Onde vai decorrer a acção do seu próximo romance?
Em Moscovo, porque ainda não tinha relatado com profundidade todas as minhas experiências lá vividas. Ainda há muita coisa no ar, a cidade fascina-me e quis lá voltar.

As personagens de “A Biblioteca do Geógrafo” são baseadas em pessoas reais, que conhece mesmo?
De certa forma. Por exemplo, o editor do Tomm Paul no jornal é baseado no meu sogro, o de um professor é baseado num professor que tive na universidade, mas os factos são todos ficção.

A sua experiência no jornalismo foi útil para escrever este romance?
Foi uma ajuda enorme. O jornalismo foi a minha primeira profissão e, para ser escritor profissional, aproveitei o que então aprendi – ser curioso, colocar questões. Sem ter aprendido isso nunca poderia ter escrito ficção.

Os jornalistas são mais capazes de escrever boas histórias em romances do que um escritor dito “convencional”?
Não, depende do jornalista ou do escritor.
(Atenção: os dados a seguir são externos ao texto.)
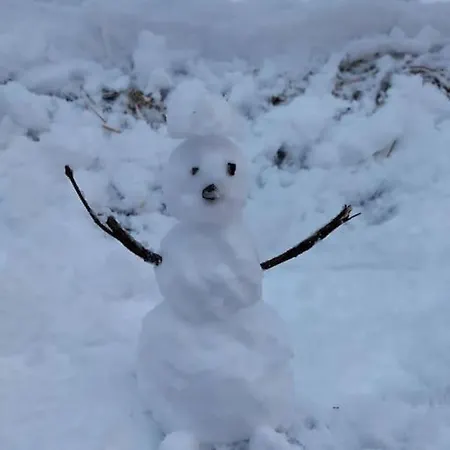 Fw Schnuckel In 300a Altem Bergbauernhaus 1110m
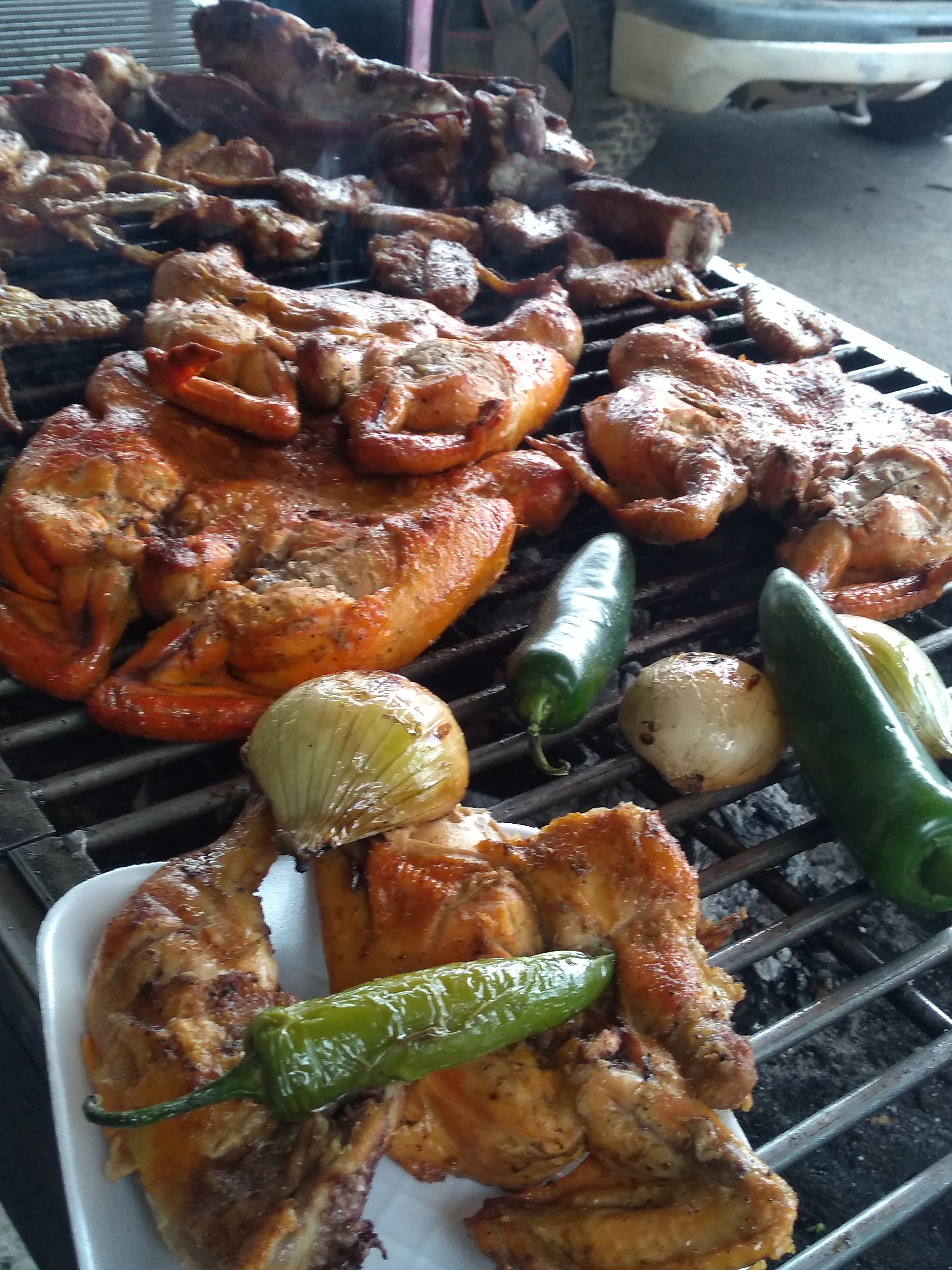 El pollo Tony image 2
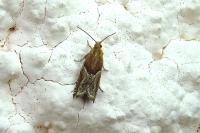 Ancylis comptana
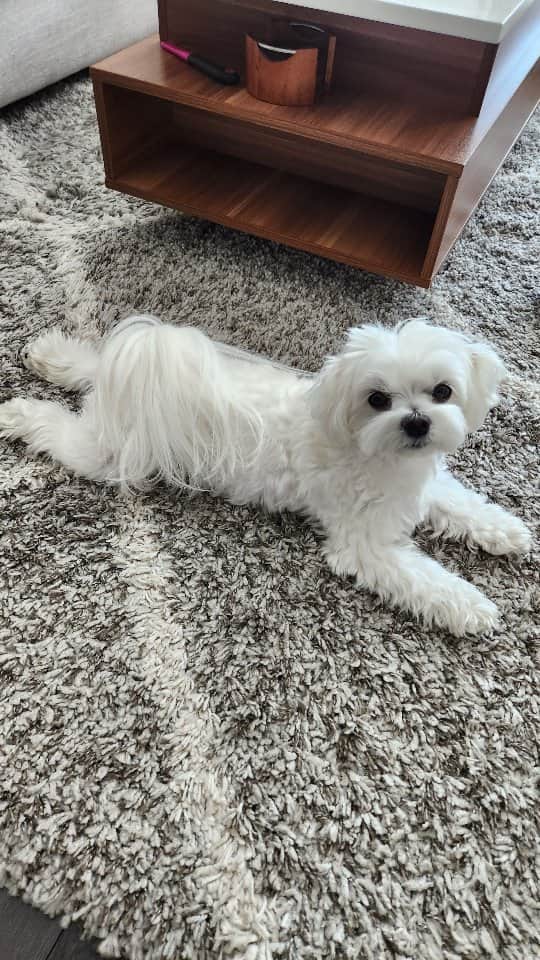 のインスタグラム：「Chicken always wins 🍗  #veggies #chicken #kfc #theothemaltese #maltese #smartdog」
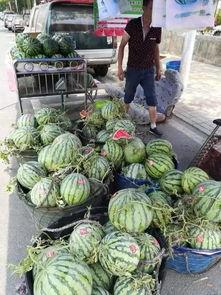 任丘河间吃瓜事件,揭秘网络谣言背后的真相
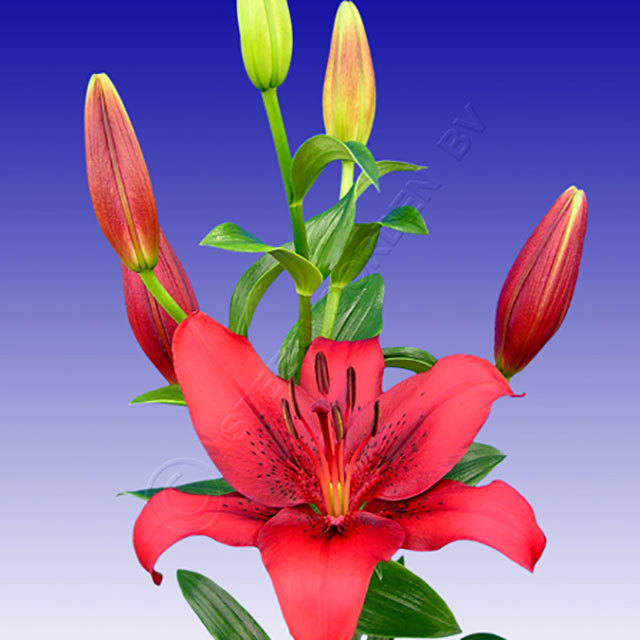 Lilium LA Hybrid Original Love Fine Webbing
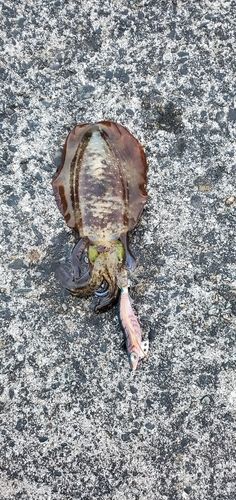 アオリイカの釣果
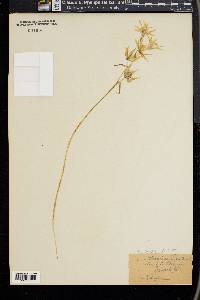 Ornithogalum nutans image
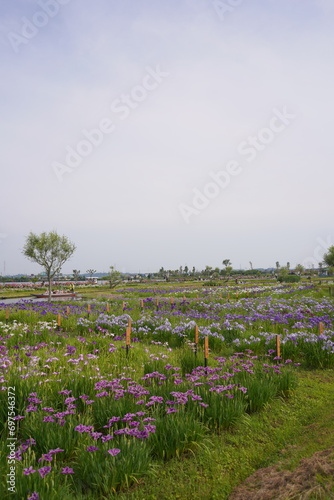 日本の千葉県にある佐原あやめパークのあやめの花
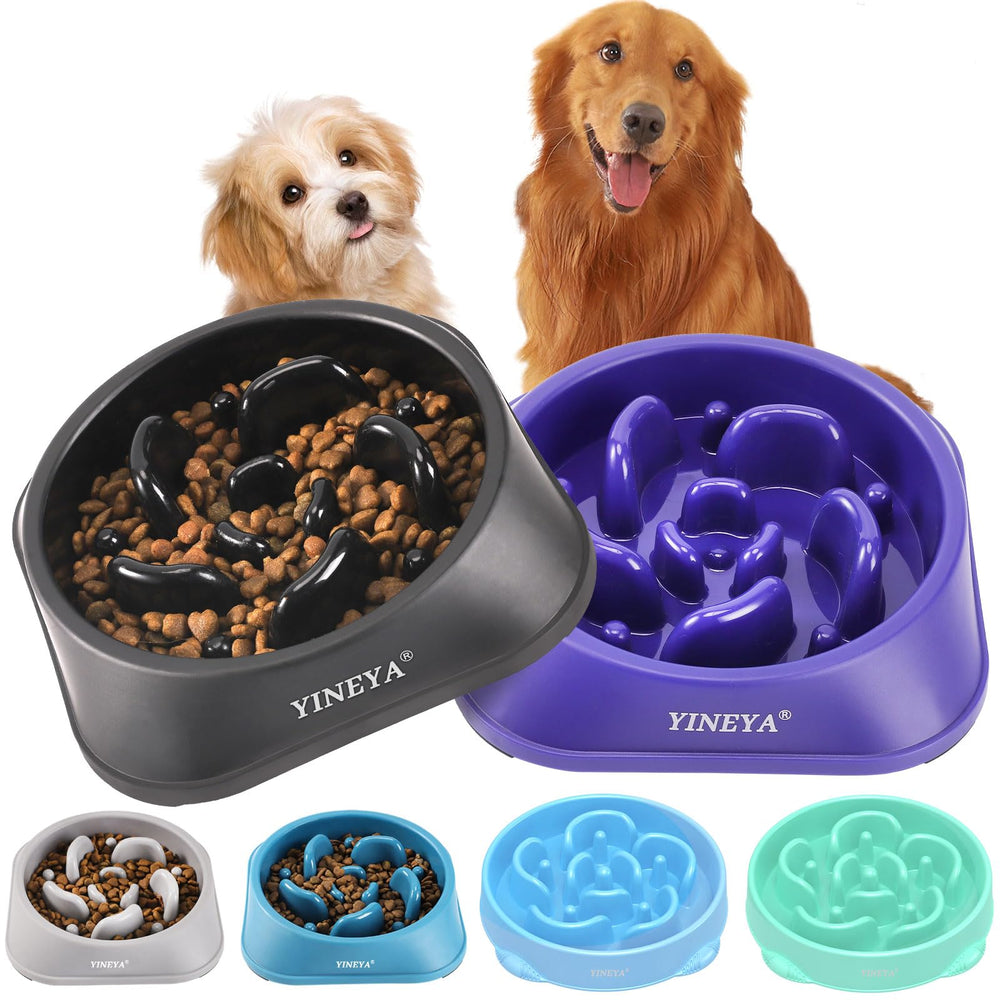 Bol lent YINEYA pour chien moyen, ensemble 2 pièces, encourage une ingestion plus lente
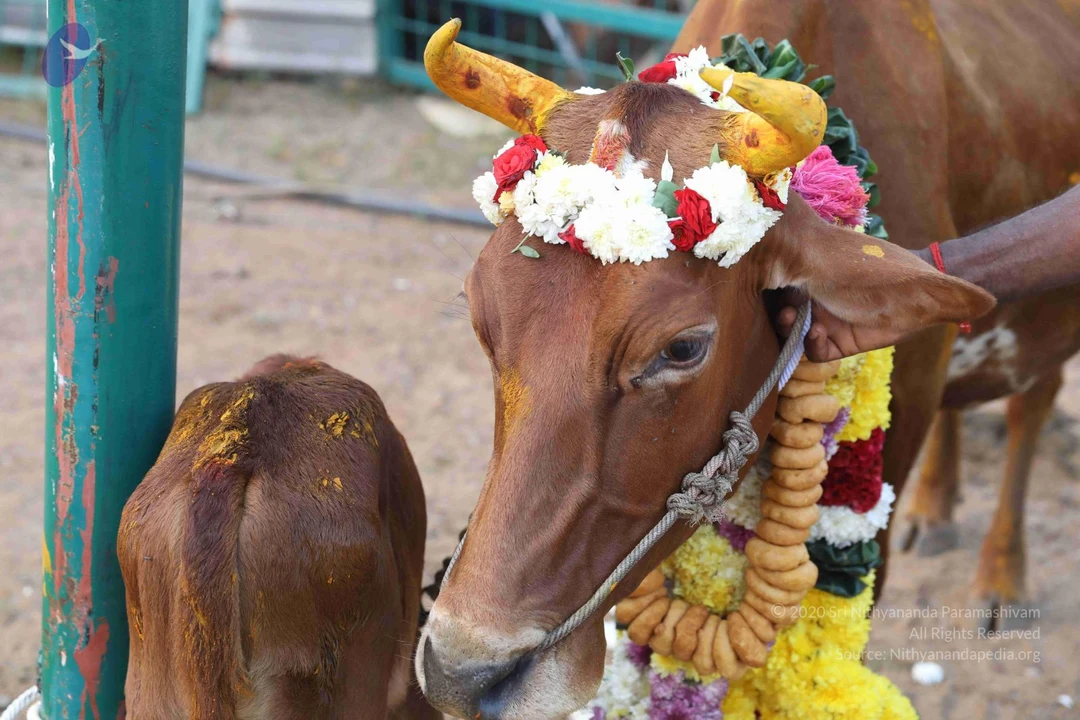20180115 Photo 1182 1TfgD371WClhsZABbvvNjYOiCd-69py-R.JPG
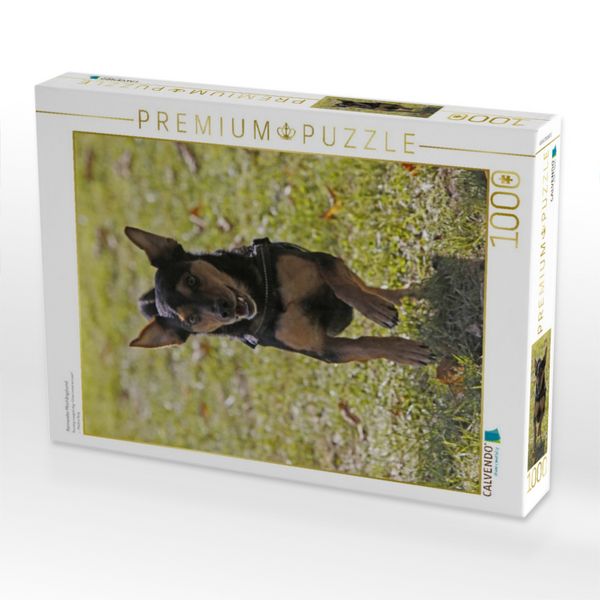 Produktbild: CALVENDO Puzzle Rennender Mischlingshund | 1000 Teile Lege-Gr&ouml;&szlig;e 64x48cm Foto-Puzzle f&uuml;r gl&uuml;ckliche Stunden
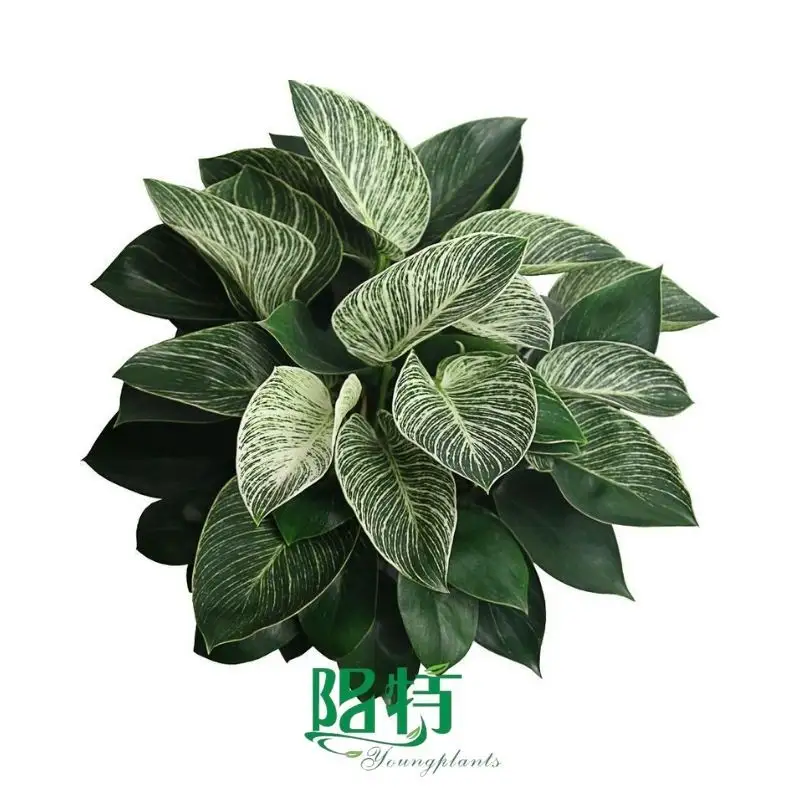How To Own chinese evergreen toxic For Free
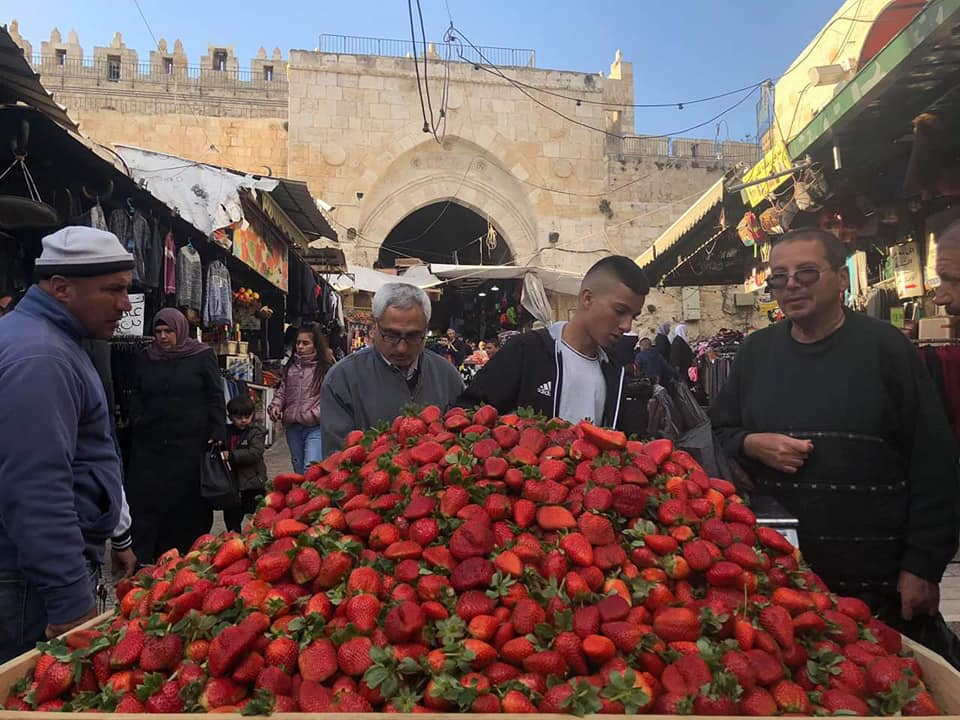 ذهب غزة الأحمر من عتبات باب العامود في القدس العتيقة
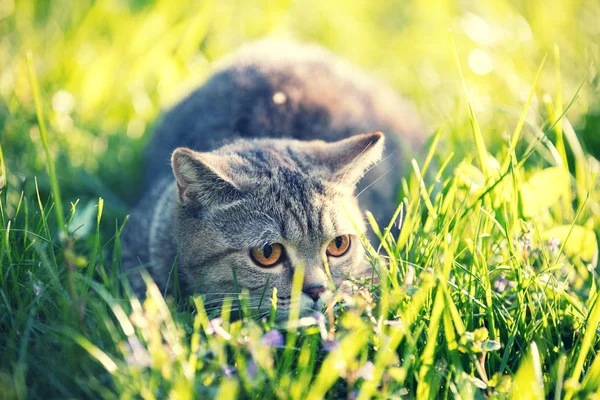 Lindo Gato Con Ojos Anaranjados Yace Hierba Césped Verde Gato — Foto de Stock
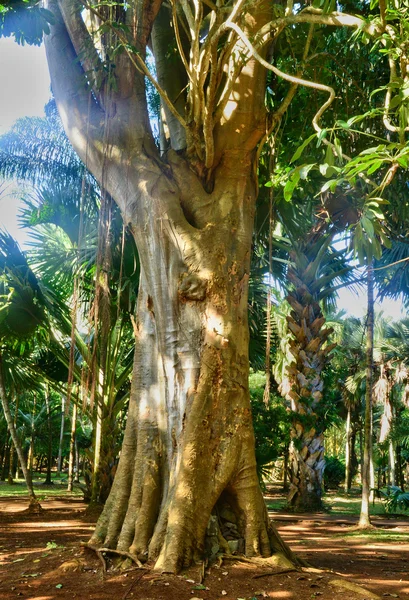 Pintoresco jardín de Pamplemousse en Mauricio República — Foto de Stock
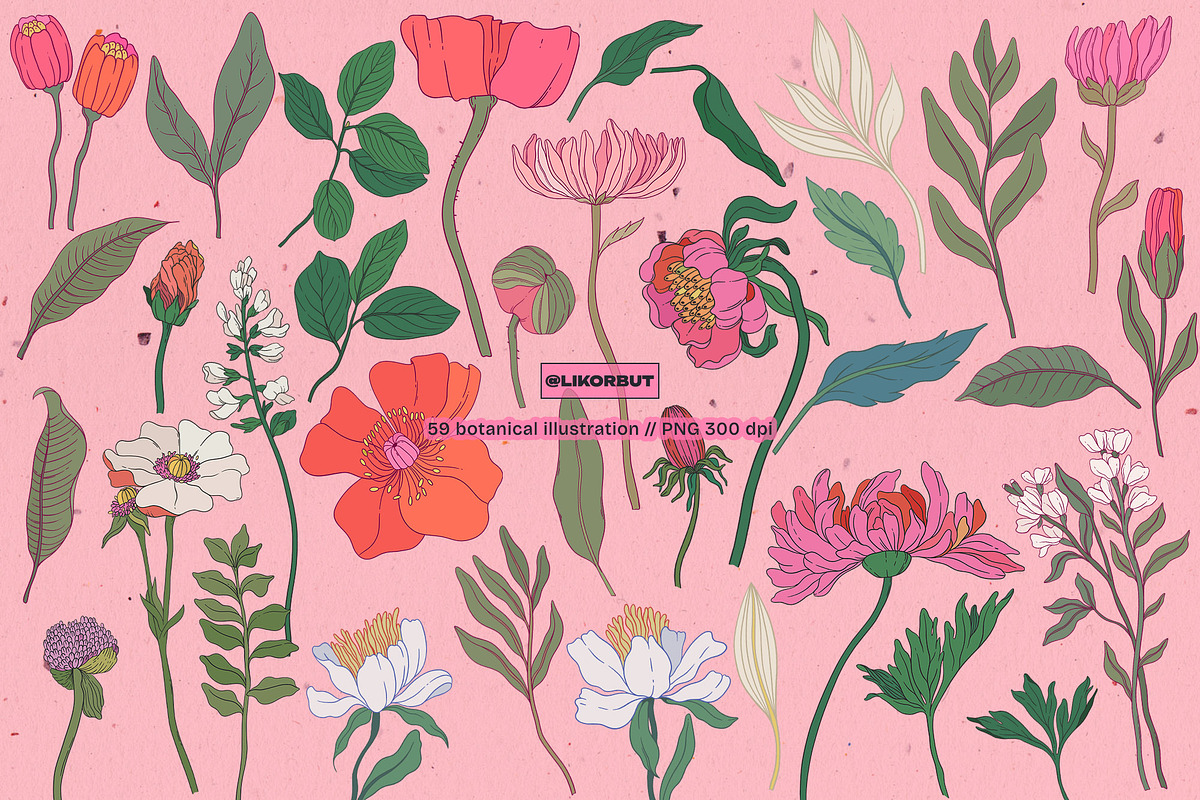 Modern Botanical Floral Illustration, a Decorative Illustration by likorbut (Photo 2 of 9)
Mas prefere ser jornalista ou escritor?
Os dois. Não quero desistir de nenhum. Quando escrevo um romance sento-me à secretaria e vivo o que está na minha mente. No jornalismo ando pelo mundo fora a colocar questões. Conheço muitas pessoas com quem tenho conversas bastante interessantes. Quando escrevo fecho-me muito. As duas são uma excelente combinação.

O que leva os leitores, na actualidade, a sentirem tanto fascínio por romances em que se mistura ficção com temas da História?
Provavelmente, para arranjar um escape. Vivemos numa época terrível com muitas inquietudes e livros como este proporcionam uma saída para se escapar até ao passado. O passado é muito simples porque é, apenas, passado. Não tem a complexidade da actualidade. Por ser passado parece ser um local mais seguro para se viver.

Não será, também, uma consequência do sucesso de “O Código Da Vinci”, de Dan Brown?
Talvez, mas já antes do “Código Da Vinci” havia livros deste tipo: Ian Pears, Umberto Eco já escreviam assim. “O Código da Vinci” tornou-se um ponto de referência para as pessoas do marketing e da publicidade.

Viveu recente mente em Londres. Foi difícil conviver com o sentimento de anti-americanismo que cresceu na Europa após a Guerra ao Iraque?
Acho que não há tanto anti-americanismo como as pessoas pensam que há. A maior parte dirige-se a um governo que existe no meio país.